Keanu Reeves. W roli głównej – Kitty Curran, Larissa Zageris [RECENZJA]

Keanu Reeves, ostatnimi czasy określany jako „Best Internet Boyfriend”, zbyt różni się od innych znanych ludzi, by można opisać jego życiorys datami, przypisami i encyklopedycznymi zdaniami. Jego osoba wymaga podejścia, jakie on sam prezentuje – luźnego i bezpretensjonalnego. W ten sposób potraktowały go pisarki, a zarazem fanki – Kitty Curran i Larissa Zageris. Ich książka „Keanu Reeves. W roli głównej” jest nie tyle biografią, co rozpisanym na 200 stron fanowskim blogiem o aktorze.
W książce nie ma podziału na okresy w życiu aktora. Zawiera ona krótki życiorys, a kolejne rozdziały poświęcone są najbardziej interesującym kontekstom związanym z Reevesem – jego funkcjonowaniu w charakterze memu, etyce pracy, osobowości, relacji z innymi ludźmi i charakterystycznemu stylowi bycia. Tekst kipi kreatywnością. Całość czyta się jednym tchem, a podczas lektury czytelnikowi będzie towarzyszył nieustanny uśmiech. Trudno inaczej zareagować na rozdział zatytułowany „Człowiek Keanusansu”, czy ilustrację procesu ewolucji, w której od lewej do prawej strony pojawiają się różne postaci grane przez Keanu Reevesa w pozycjach coraz bardziej wyprostowanych. Otrzymaliśmy coś, co można z przymrożeniem oka nazwać biografią postmodernistyczną. Ten kolaż różnych form pisemnych zawiera felietony, quiz, balladę-fanfik, scenariusz musicalu i cały rozdział („Johnny MEM-onic”) poświęcony memom z aktorem. Czytając to wszystko czujemy jakbyśmy byli na jakimś spotkaniu fanów z prezentacjami, pogawędkami i licytacją na anegdotki o ulubionej gwieździe.

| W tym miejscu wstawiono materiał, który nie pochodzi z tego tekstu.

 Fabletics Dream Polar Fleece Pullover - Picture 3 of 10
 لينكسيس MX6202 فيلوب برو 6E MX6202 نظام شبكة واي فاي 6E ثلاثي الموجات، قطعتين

Poza życiem zawodowym Keanu opisane są jego zainteresowania, pozafilmowe osiągnięcia, odbiór aktora przez krytyków filmowych i analiza tego, co wpłynęło w ciągu dekad na zmianę jego postrzegania. Autorki bardziej niż karierą filmową (którą każdy, kto myśli o zakupie tej książki zna) zainteresowane są fenomenem Reevesa. Książka przypomnienia przez to argumentacyjną rozprawę o wyjątkowości Keanu jako aktora i człowieka. Jak to w przypadku dziennikarstwa pióra fangirl nie możemy zarzucić tekstowi obiektywności i umiarkowania w emocjach („Keanu Reeves jest jak koń zaprzęgowy, który wygląda jak ogier” – o zaangażowaniu aktora w aktorstwo). Z tak blogowym stylem pisanina nie spotykamy się często na papierze, ale licuje on z tytułowym bohaterem, który w świadomości społecznej jest już mniej aktorem, a bardziej zjawiskiem -Buddą Hollywoodu, który słowami – szczerymi i pozbawionymi patosu – dociera do serc i umysłów nałogowych konsumentów popkultury.

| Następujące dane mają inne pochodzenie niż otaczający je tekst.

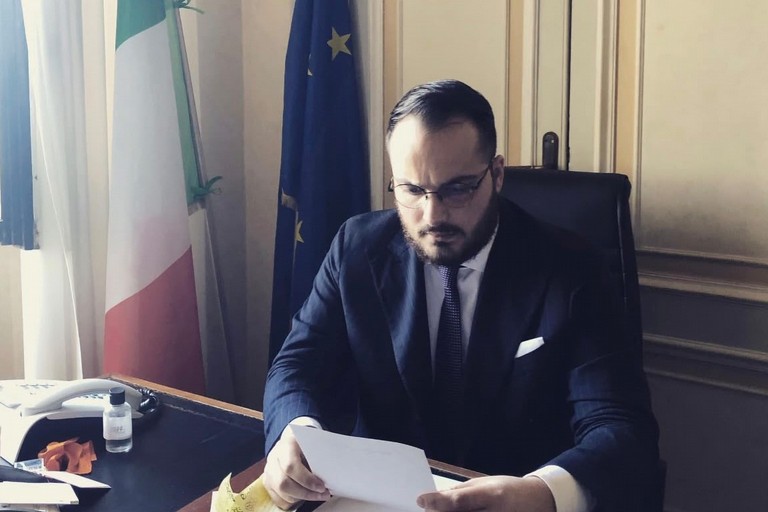 Vito Filannino Futuro Nazionale Vannacci
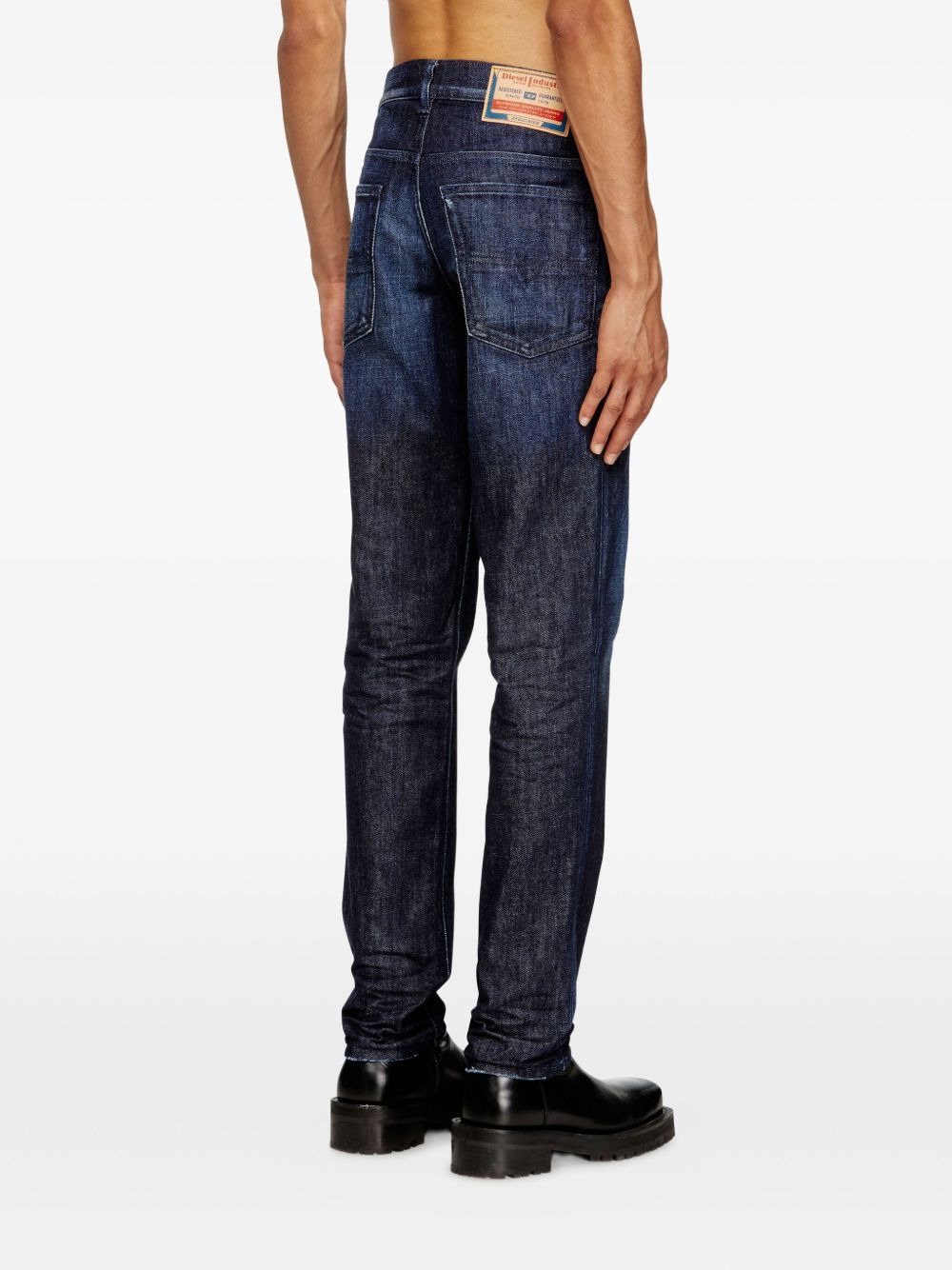 2023 D-Finitive regular jeans - 4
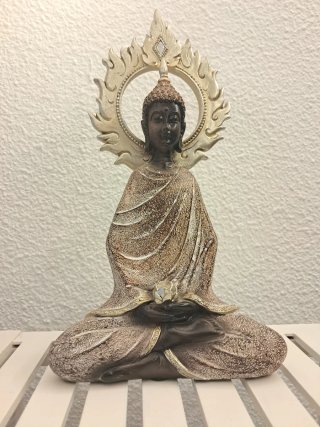 Figura Buda Loto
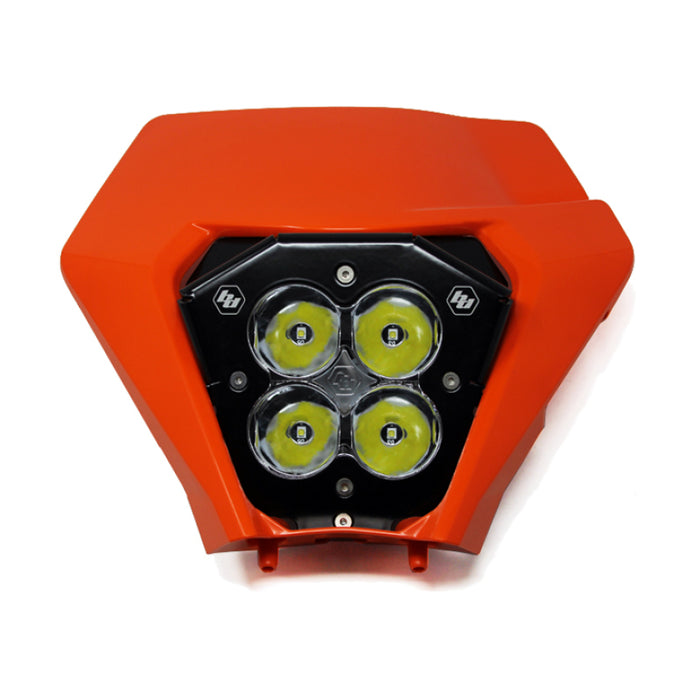 Baja Designs 677199 XL 80 KTM LED Headlight Kit w/Shell 20-On D/C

Na stronach biografii nie brakuje wyselekcjonowanych wypowiedzi samego aktora, co jest chyba najważniejsze dla poznania jakiejś osoby. Nikt nie przedstawi go tak dobrze jak on sam. Ten skromny aktor niewiele mówi. Wiele mówi się o nim, dlatego zaletą książki jest oddawanie mu głosu. Awangardowa (jak na biografię) treść współgra z wydaniem. Zamiast zdjęć znajdziemy rysunki, użyto różnych czcionek, część stron jest białych z czarnym tekstem, cześć kontrastowych – czarnych z białym tekstem. Nawet sposób wydruku przełamuje monotonię i encyklopedyczną konserwatywność, do której przyzwyczaiły nas podobne pozycje.

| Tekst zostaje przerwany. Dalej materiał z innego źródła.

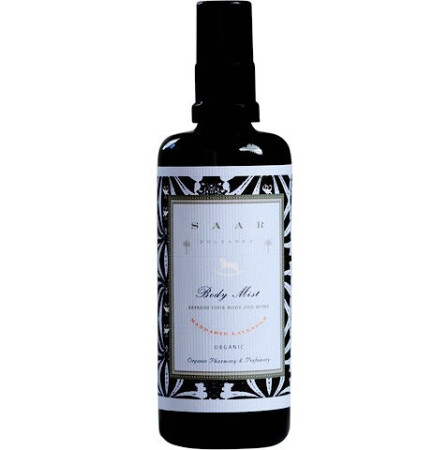 Saar Soleares Mandarin Lavender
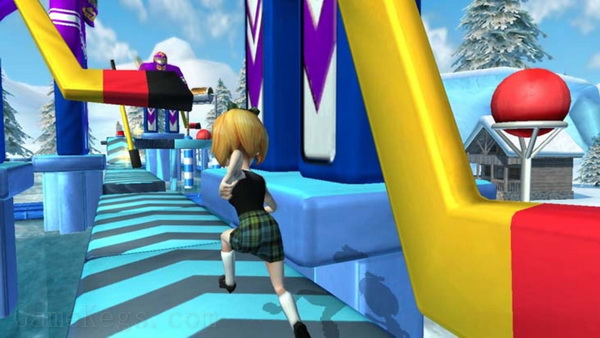 勇敢向前冲3.Wipeout 3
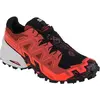 Image de Salomon, Hommes, Chaussures de course à pied, Spikecross 6 GTX 472707 - 44 (44), Rouge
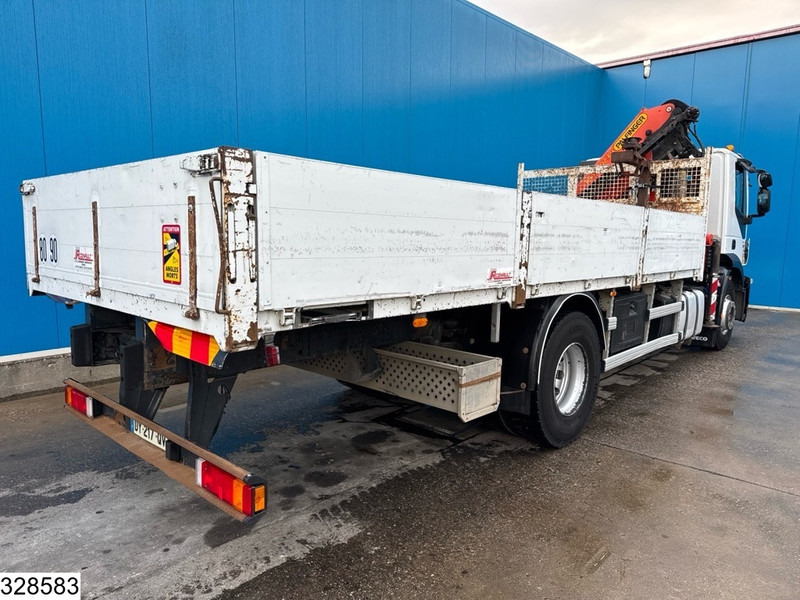 Iveco Stralis 310 EURO 6, Palfinger, Leaf spring - Kamion me karroceri të hapur, Kamion me vinç: foto 2 Iveco Stralis 310 EURO 6, Palfinger, Leaf spring - Kamion me karroceri të hapur, Kamion me vinç: foto 2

„Keanu Reeves. W roli głównej” jest taką osobliwością wśród biografii, jaką Keanu Reeves jest wśród celebrytów. I jednej, i drugiej chciałoby się więcej. To książka pisana przez fangirls, nie tylko dla fanów i fanek aktora, ale dla każdego, kto lubi lekką i żartobliwą publicystykę. Od zawsze mieliśmy grupę powieści na umilenie wieczoru po wyczerpującym dniu. Teraz pojawiła się biografia o takiej funkcji.